But in order to achieve these ambitions, she needed to win.

‘She became obsessed with beauty products and doing things to improve her figure,’ Vicky testified. ‘Like exercises to improve her bustline and slim down her waist.’ She also took to periodic ‘fasting’ to lose weight, and had spent all her money on face creams and lotions, which, Abby constantly complained, were all so expensive.

‘She was always reading in women’s magazines about this herbal stuff that you could make for yourself, to make your skin glow and all that kind of thing, that didn’t cost the earth,’ Vicky had added.

And it was here that Dr Ryder – and no doubt the jury and gentlemen of the press as well – really sat up and took notice. Because, finally, they were coming to the crux of the matter.

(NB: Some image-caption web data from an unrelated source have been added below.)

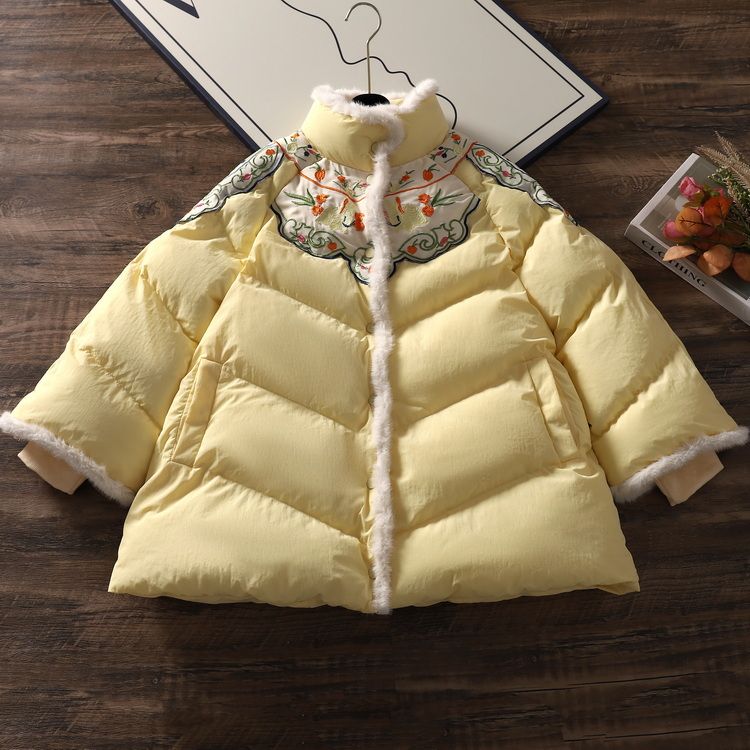 2023年秋冬新款文艺复古温婉新中式民族风立领毛茸茸保暖棉衣儿童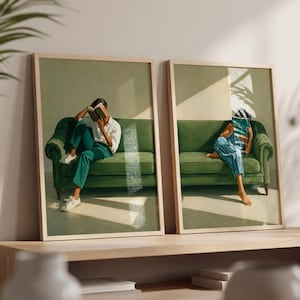Reading Woman Wall Art Set of 2, Book Lover Gift, Modern Portrait Print for Living Room Decor, Moody Academia Aesthetic Poster Pair image 10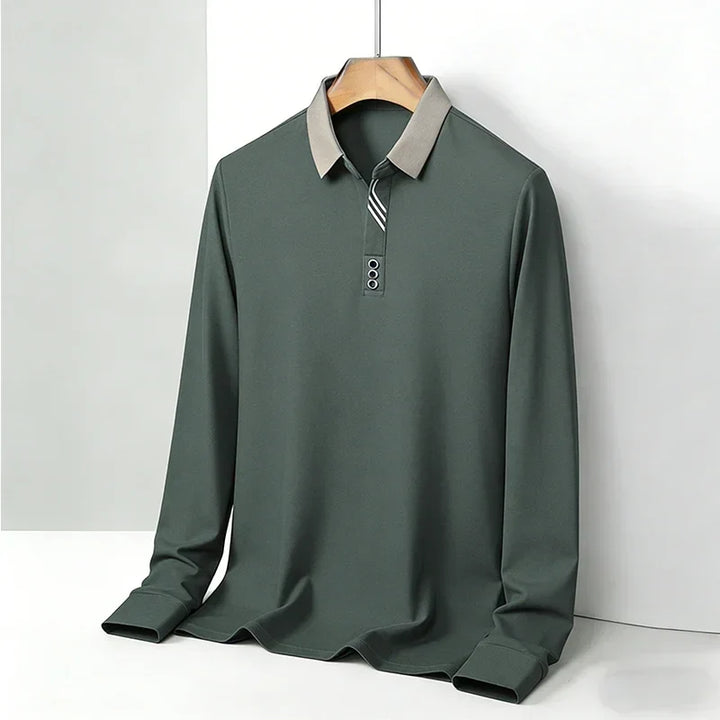 Green Knit Long-Sleeve Polo front view on hanger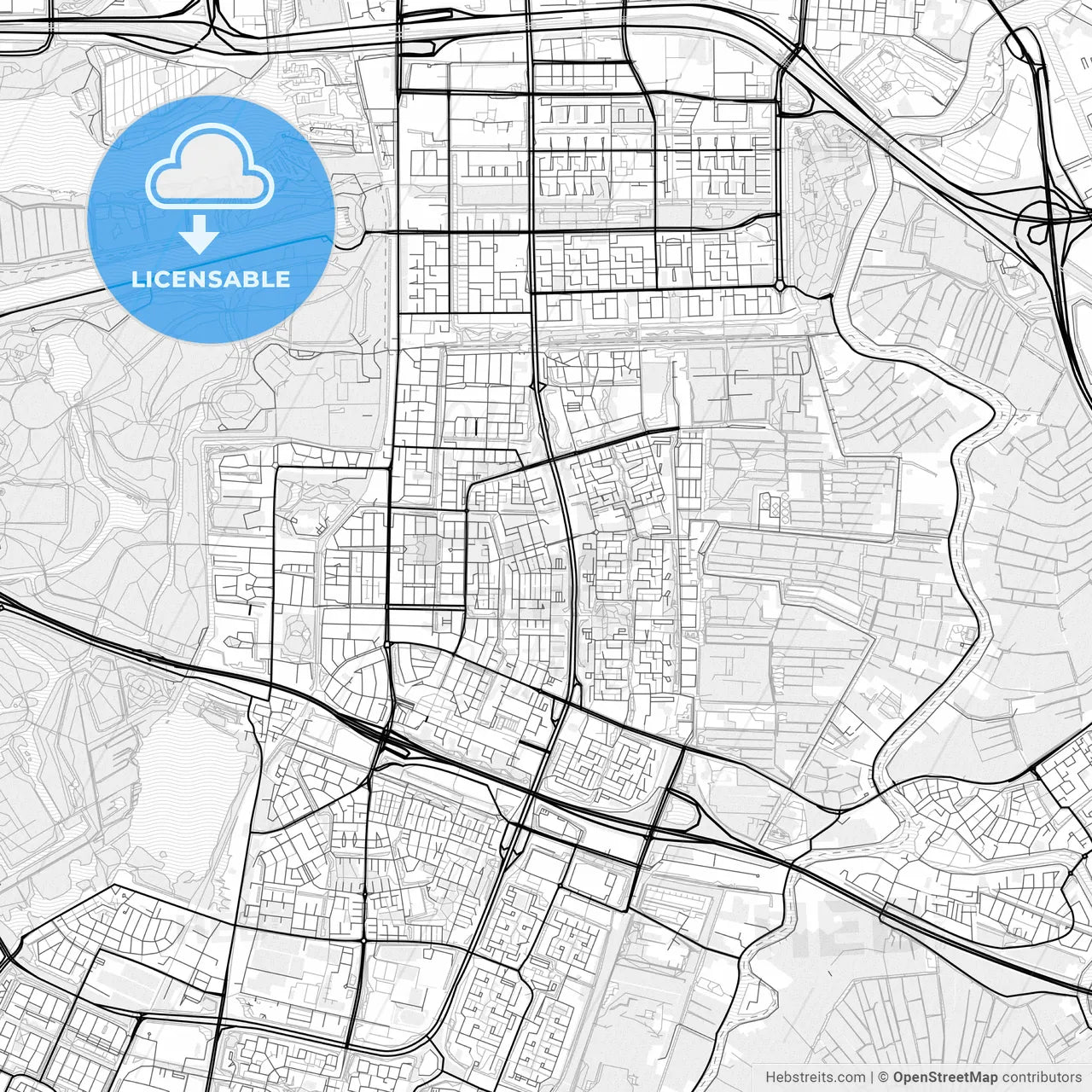 Vector PDF map of Amstelveen, Netherlands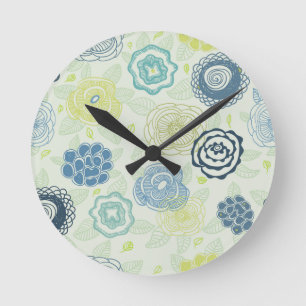 Horloge Ronde Motif floral élégant avec les fleurs mignonnes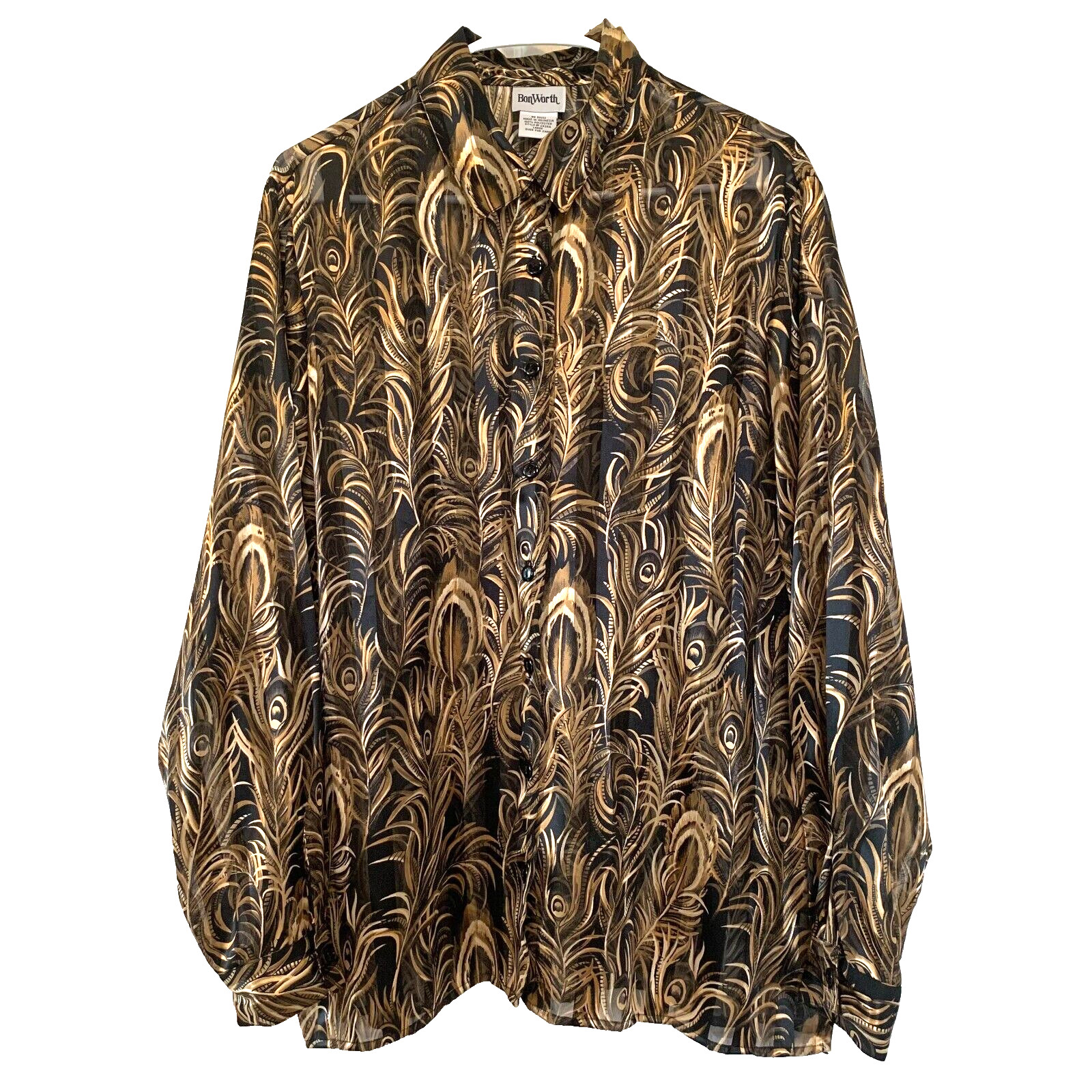 BonWorth Button-Up Sheer Shirt Womens L Collared Black Gold Floral Print VTG 70s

When Dr Ryder asked her if it was possible that her friend might have added something ‘homemade and herbal’ to her glass of orange juice in the mistaken belief that it would somehow help improve her looks or figure, Vicky hadn’t been able to give a proper answer. She’d dithered a bit and had seemed frightened and nervous and unsure. Eventually, somewhat tearful and upset, she admitted that Abby had made some stuff for herself before her death – including some sort of oat-and-milk face pack, following a recipe she’d seen in a newspaper article. That had been followed by an experiment with a homemade shampoo that was supposed to make her hair shine more. And yes, Vicky admitted, her friend had got the ingredients from some sort of plant material that she’d picked herself, but Vicky hadn’t bothered to ask what, because she hadn’t liked the smell of it.

But whether or not she would make stuff to actually eat or drink – she just didn’t know. When pressed, she was adamant that her friend ‘wasn’t stupid’ and that, as children, their parents had always warned them not to ‘eat berries from the hedges’.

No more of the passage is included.